[There is a strong pathological association of déjà vu with temporal lobe epilepsy. This correlation has led some researchers to speculate that the experience of déjà vu is possibly a neurological anomaly related to improper electrical discharge in the brain. As most people suffer a mild (i.e. non-pathological) epileptic episode regularly (e.g. the sudden “jolt”, a hypnagogic jerk, that frequently occurs just prior to falling asleep), it is conjectured that a similar (mild) neurological aberration occurs in the experience of déjà vu, resulting in an erroneous sensation of memory.]
Sentience is perhaps the opposite of Déjà vu combined with “our” ability to sense the future using the prefrontal cortex which ultimately gives “us” the ability to feel the present, feel our existence. (It is interesting to note how the purpose of language breaks down here. There is no “me”, “I” … it is just an illusion created by the temporary constructs of “our” minds.)
In other words, the non-fallacious memory that “we were there” or “we have been through this” combined with the simulated feeling of “what it would be like if” gives us sentience. The more accurate those feelings are w.r.t the reality; i.e. the more similar the consciousness arrow of time is to the thermodynamic arrow of time, the more sentient we are.
From evolutionary point of view, a life-form with a consciousness arrow of time (i.e. a record of events that has happened and will happen) which is very similar to the thermodynamic arrow of time (i.e. events that really happened and will happen as the entropy increases); is the best thing that the environment would like to have because such an entity would not only preserve its existence but also the existence of the entire ecosystem.

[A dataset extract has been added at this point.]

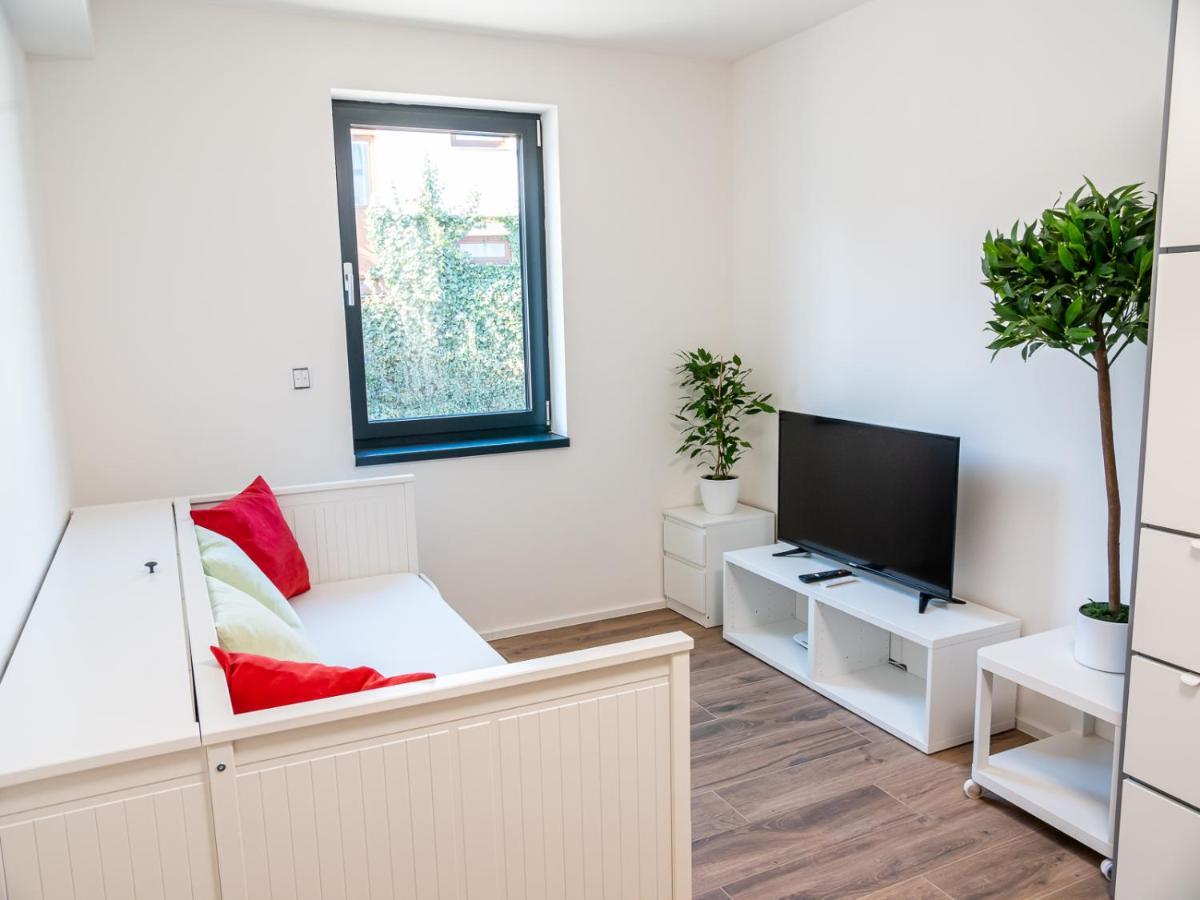 Apartmany Gemini Zlín Dış mekan fotoğraf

Animals of today that has evolved through time has an excellent mechanisms to have non-fallacious memories but, if I paraphrase Daniel Gilbert right: Human beings are the one & only latest models of evolutionary improvement that are capable of planning and simulating the future because of our larger prefrontal cortex.
That makes us more sentient than Orangutans. But there is still a long way to go. Recent research conducted by Daniel Gilbert (a professor of psychology at Harvard) shows us that we are still terrible at predicting & planning. We are awful at predicting what will give us happiness. Do you expect that a new car or home will give you happiness? Certainly it will, just not as much as you expect. The same is true in the opposite. Do you think that getting rejected by your crush or losing a game will make you unhappy? It will, just not as much as you expect.